Поскольку природа и человек у стоиков соотносятся как часть и целое, а природа мыслилась абсолютно бесстрастной, то жизнь в согласии с природой почиталась ими за высшее благо: «…конечная цель человека – жить согласно с природой, и это то же самое, что жить согласно добродетели…» (SVF I 179), «что до конечной цели, то Зенон высказался о ней так: «жить согласно с природой», – а это значит то же самое, что жить сообразно единому разуму и в согласии с ним…» (SVF I 179), «…первоосновы счастья – это природа и сообразное природе» (SVF I 183), «…счастье – это благое течение жизни» (SVF I 184), «добродетели… достаточно для счастья» (SVF I 187).

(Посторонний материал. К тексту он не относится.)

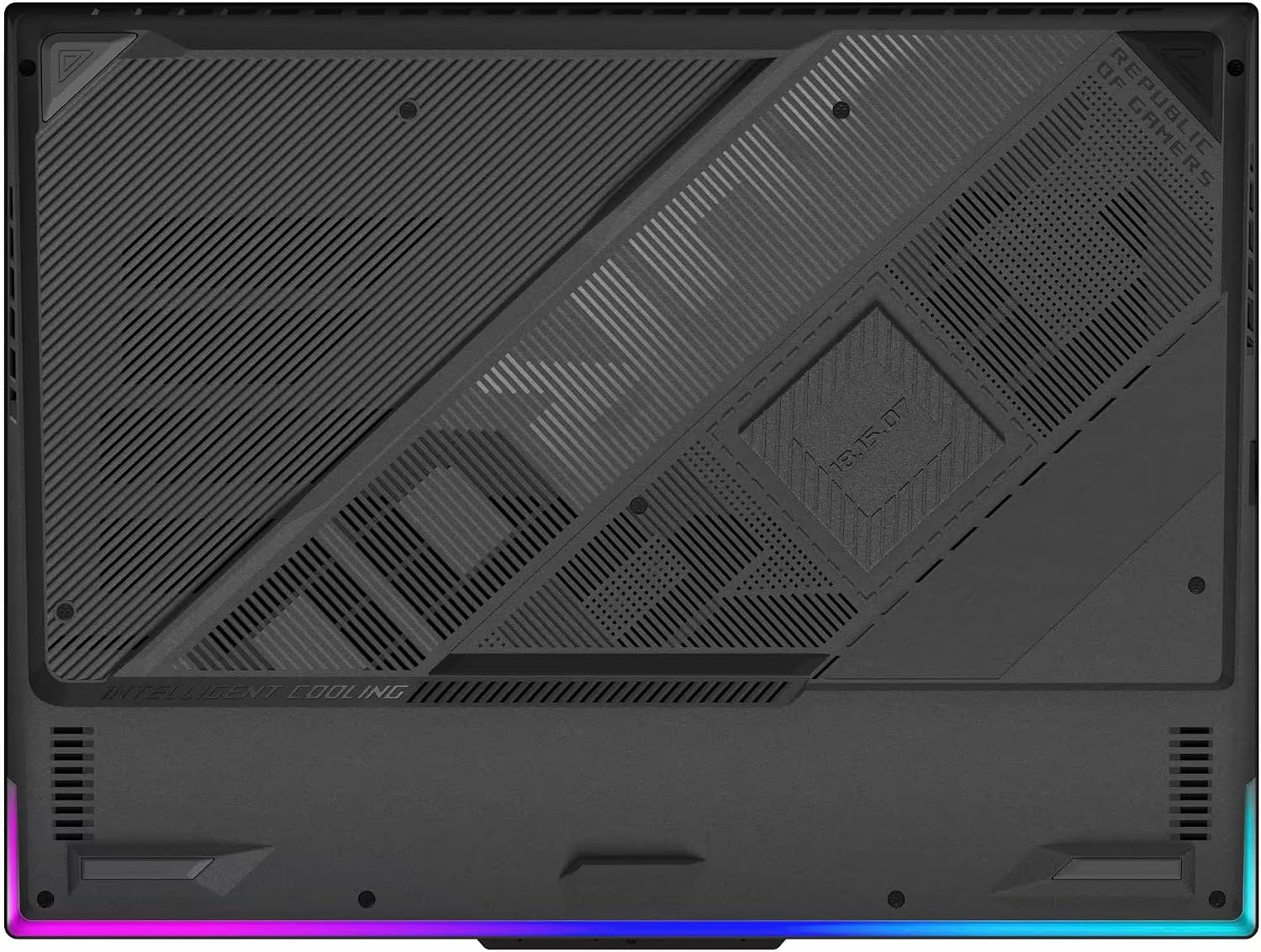 ASUS ROG Strix G16 Gaming Laptop - NVIDIA GeForce RTX 5070 Ti, 16' 165Hz WUXGA Display, AMD Ryzen 9 8940HX (Up to 5.3 GHz), WiFi 6E, RGB Backlit KB, Win11 Pro, 32GB DDR5 RAM, 1TB SSD, w/Accessories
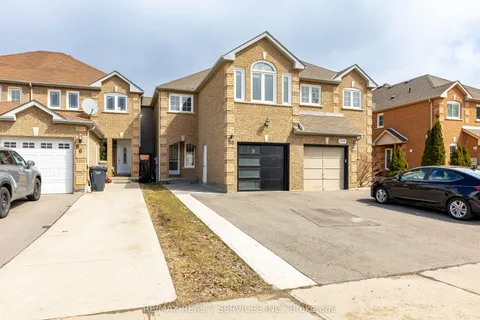 98 Lent Crescent, Brampton, ON L6Y 4X7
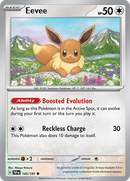 Eevee - 143/191 - Surging Sparks - Card Cavern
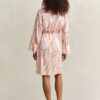 Belted Shirt Dress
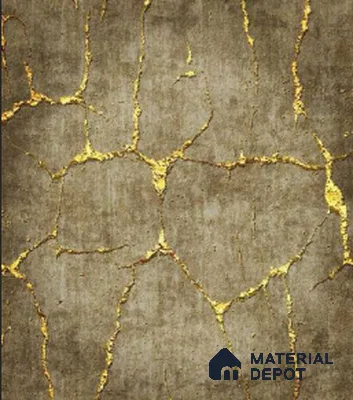 WK25-2506 | 10 Meter x 21 Inches Patterned Look Wallpaper - 57.41 Sq. Ft. | Minimum 15% wastage during installation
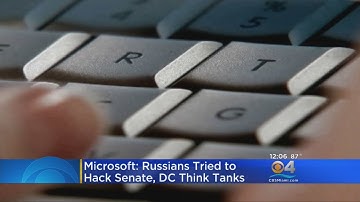 Microsoft Stops New Russian Hack Attempts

Без жизни в согласии с природой невозможно самосохранение, к которому стремится все живое в первую очередь. Жить в согласии с природой – означает жить в согласии с разумом, в этом – предел блага, конечная цель (SVF I 552). А в стремлении к благу и состоит главный долг мудреца, тем более что благо приводит к истинному наслаждению («Клеанф утверждал, что благо и прекрасное – это наслаждения» (SVF I 538)) Человек, будучи частью природы, должен стремиться к гармонии с ней, то есть жить разумно, а жить разумно – значит, жить бесстрастно. Добродетель сама по себе награда.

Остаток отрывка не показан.